USDA released a memo saying states can’t block interstate shipments of industrial hemp

The U.S. Department of Agriculture says states can’t block the interstate transportation of hemp, but law enforcement in Idaho says it won’t follow those guidelines.

Hemp doesn’t get a person high, but it still contains trace amounts of the chemical THC, which is found in marijuana. Under Idaho law, any amount of THC is illegal.

The USDA released a memo Tuesday saying states can’t block any interstate shipment because hemp was legalized under the 2018 Farm Bill. That opinion isn’t legally binding.

But an Idaho State Police spokesperson says they will continue to make arrests and confiscate hemp while enforcing Idaho law, Boise State Public Radio reports.

The spokesperson said federal rules need to be updated to take effect, but the USDA memo says they’re essentially in effect because the bill passed Congress and was signed into law by President Donald Trump last year.

Three men are currently facing felony drug charges in Ada County for transporting what they say was hemp.

Two of them have pleaded guilty to lesser felony charges. The third man has pleaded not guilty and could face a minimum of five years in prison if convicted.

The owner of the hemp in that third case, Big Sky Scientific, sued Idaho State Police in federal court. The company said ISP had violated interstate commerce laws and asked for an injunction to get their hemp back before it degrades and molds.

The USDA memo specifically mentions that lawsuit, saying the federal judge erred in denying that injunction. It’s currently under appeal to the 9th Circuit Court of Appeals and awaiting a hearing.

“Both sides of this issue have legitimate legal points,” said Sam Mendez, a lawyer in Seattle who used to run the Cannabis Law and Policy Project at University of Washington Law School.

At issue is: when does a law actually become a law? That is up to the courts, but Mendez says the overall legal question of how to transport a federally legal plant like hemp across state lines will be answered soon.

“Frankly, I think in the next six to 12 months, the issue is going to become a moot one because at that point those federal rules will become promulgated and then states will follow suit,” he said.

USDA expects those rules to change before the end of 2019.
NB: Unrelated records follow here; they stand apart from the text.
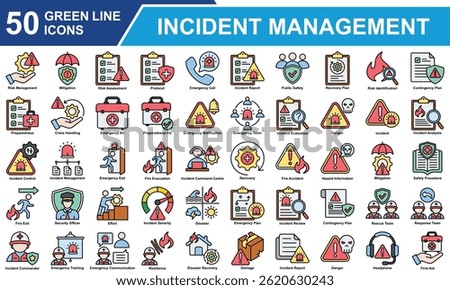 Incident Management Icon Set Collection. Containing Risk Management, Mitigation, Risk Assessment, Incident Report, Emergency Call, Danger, Incident, Fire, Rescue Team. Simple Color Vector Illustration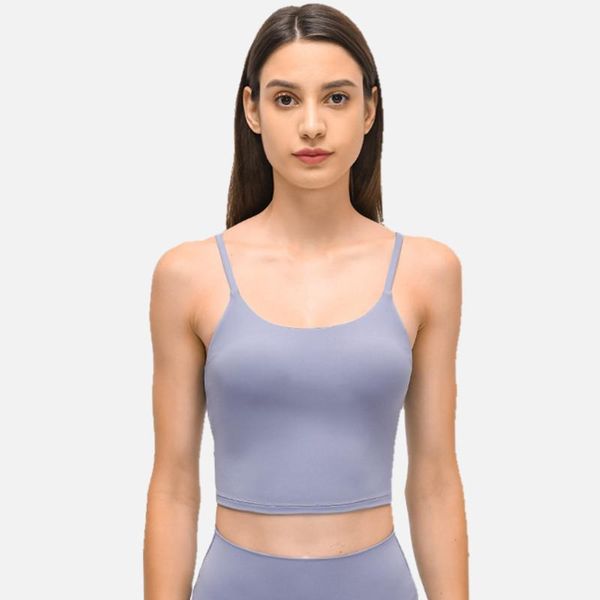 

yoga outfit 2021 women sports bra with chest pad strappy back sling fitness jogging vest strong elastic comfortable m l xl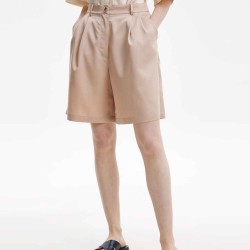 Pleated High-waisted Shorts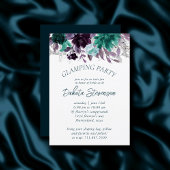 Moody Boho | Blauwgroen donkere bloemenkrans glamp Kaart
Elijah Watkins, a Boise-based lawyer for Big Sky Scientific, called the USDA opinion “welcomed news”.

“Hopefully Idaho takes note and changes course because I think it would save the Idaho taxpayer a lot of dollars on fighting a legal opinion or a legal case that seems all but conclusive at this point,” Watkins said.

Last week, a group of lawmakers delivered about 13,000 signatures urging these criminal charges be dropped.

A spokesperson for the Ada County Prosecutor’s Office declined to comment on pending litigation but pointed to a joint response to the petitions with Idaho State Police that was released last week.

“The 2018 Farm Bill’s intent of allowing the interstate transportation of hemp will only be realized once there is a regulatory system in place. As of this date, that system has not been developed in any state – including Idaho – and is therefore not currently in effect,” the statement said.

Among those delivering the signature was state Rep. Ilana Rubel (D-Boise).

“It’s one more indicator that our prosecutors, I think, are just really doing the wrong thing by pushing full steam ahead here and it looks like the USDA more or less agrees with that assessment,” Rubel said.

She called waiting on the federal rules to be updated to reflect the 2018 Farm Bill a “technicality” and that these men shouldn’t be prosecuted “to the max.”

“I think that’s not (the prosecutor’s) mandate. I think that we entrust them with discretion to do what is wise and sensible and flex common sense,” Rubel said.